Le 6 janvier, le CHU de Poitiers a lancé sa campagne de vaccination contre la covid-19, sur demande du ministère de la Santé et de l’Agence régionale de santé Nouvelle-Aquitaine (ARS). Pour revenir sur cette organisation chronométrée qui a rythmé et qui rythme encore ce début d’année 2021, Christophe Baltus, directeur du site de Poitiers et directeur adjoint de la direction qualité-pertinence-patients, revient sur les enjeux de cette campagne qu’il a coordonnée sur l’ensemble des sites de vaccination du CHU.

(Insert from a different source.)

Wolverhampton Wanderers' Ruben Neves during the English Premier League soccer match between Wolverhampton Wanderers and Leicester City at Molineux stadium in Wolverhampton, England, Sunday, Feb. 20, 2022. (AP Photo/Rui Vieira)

Une vaccination par phases
Le gouvernement a établi une stratégie vaccinale en plusieurs phases, en s’appuyant sur les recommandations de la Haute Autorité de santé (HAS). La priorité a été donnée dans un premier temps au public le plus fragile face à la covid-19, à savoir les résidents des établissements d’hébergement pour personnes âgées dépendantes (EHPAD) et les patients des unités de soins longue durée (USLD). A ce public se sont ajoutés également les professionnels de santé de ces secteurs, puis les professionnels de santé de plus de 50 ans ou présentant des pathologies à risque, à la fois pour les hospitaliers, mais également les libéraux. A la mi-janvier, la vaccination a été ouverte à une partie du grand public : les personnes âgées de plus de 75 ans et celles présentant des pathologies à risque selon une liste bien précise.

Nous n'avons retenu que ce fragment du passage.